From heat waste to heat source: Power Mining launches shipping-container data centres for city heating

The Latvian company’s first two datacenters, housed in shipping containers, will be shipped to a Scandinavian town, where they will be connected to the municipal heating system.
From heat waste to heat source: Power Mining launches shipping-container data centres for city heating

Personal Bitcoin mining device manufacturer Power Mining has developed a portable data centre that will heat towns using residual heat from Bitcoin mining. 

Bitcoin mining consumes a significant amount of electricity globally eliciting significant greenhouse gas emissions and local air-pollution impacts.

In response, the sector is advocating for ways to not only reduce the energy consumption of mining but also capture waste heat from mining hardware and feed it into district heating networks or local building systems. While classical datacenters can collect heat at approximately.

At 27°C, Power Mining data centres can reach up to 65°C, providing cities with more efficient sources of heat.  European data centres already make up more than 3 per cent of the continent’s total electricity consumption, which is expected to surpass 150 Tw/h annually – an equivalent of all of Poland’s electricity demands. 

Up to 40 per cent of this energy is turned into heat, which most often is released into the atmosphere. If this energy were collected and redirected back to heating, it could ensure up to 10 million European households with heat.

Heat collection from data centres could become one of the most effective ways to combine digitalisation and climate goals.

In one year, one Power Mining datacenter can mine up to 9.7 Bitcoin, and heat up to 2000 homes. With 1.6MW/h in power, the datacenter achieves 95 per cent energy efficiency, thereby providing the municipality with 1.52MW/h. The data centres are built in Latvia and cost from €300,000.

Because they are assembled in a shipping container, they can be easily shipped around the world.  Power Mining’s data centre is made up of eight server closets, each outfitted with 20 Whatsminer M63S++ servers that consume 10kW of electricity each, and create an equivalent amount of heat.

The servers can raise the incoming coolant temperature by 10-14°C, producing the equivalent amount of heat while mining Bitcoin.

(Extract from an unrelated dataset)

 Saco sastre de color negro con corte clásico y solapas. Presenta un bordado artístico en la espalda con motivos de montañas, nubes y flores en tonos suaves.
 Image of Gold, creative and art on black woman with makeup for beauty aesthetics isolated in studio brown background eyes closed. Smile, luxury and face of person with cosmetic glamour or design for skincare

Each server closet is equipped with warm and cool fluid collectors, which send the warmed liquid to a built-in heat pump station, where a 1.7 MW heat exchanger ensures the redistribution of heat from the data centre to the town’s heating grid. 

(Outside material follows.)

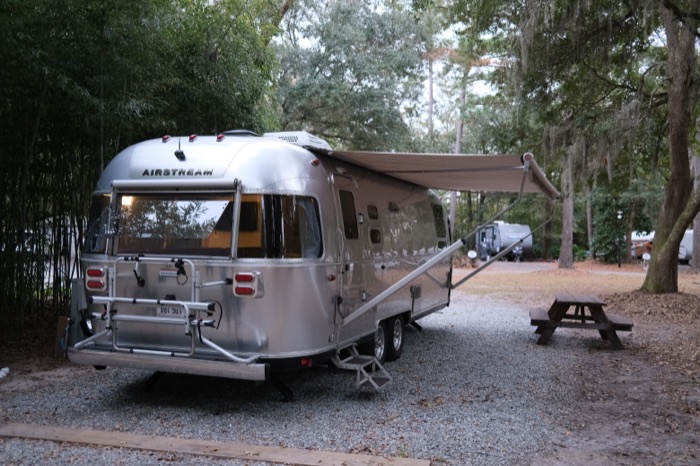 An Airstream trailer with its awning extended at a wooded campground site beneath Spanish-moss-draped trees, a picnic table alongside.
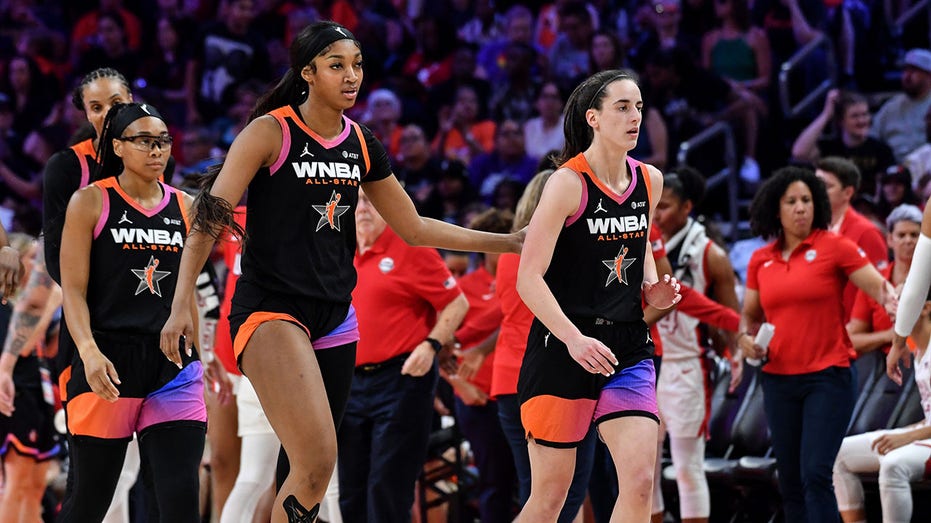 Angel Reese and Caitlin Clark during a WNBA game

If the heating grid does not require additional heat from the datacenter, the heated fluid is redirected to a built-in dry cooler, which adjusts the temperature to suit the servers' needs. This way, the data centre is able to cool itself, and also contributes to balancing the municipality’s heating grid.

The Latvian company’s first two datacenters, housed in shipping containers, will be shipped to a Scandinavian town, where they will be connected to the municipal heating system. 

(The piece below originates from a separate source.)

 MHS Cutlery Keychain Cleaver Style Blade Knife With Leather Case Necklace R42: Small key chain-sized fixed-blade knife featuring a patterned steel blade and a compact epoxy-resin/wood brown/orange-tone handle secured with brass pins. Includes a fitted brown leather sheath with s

According to the Power Mining team: 

“We’re truly grateful to our partners for trusting us with such an ambitious and technically demanding project.

We hope this is only the beginning — an opportunity to scale this model further and demonstrate how Bitcoin mining can strengthen a town’s heating system, reduce waste, and deliver real, tangible value for local communities.”

In addition to building over 100 Bitcoin data centres, Power Mining also builds personal- and industrial-scale Bitcoin mining hardware. Their desktop miner is one of the most widely used open-source Bitcoin mining devices globally, with over 20,000 devices shipped worldwide.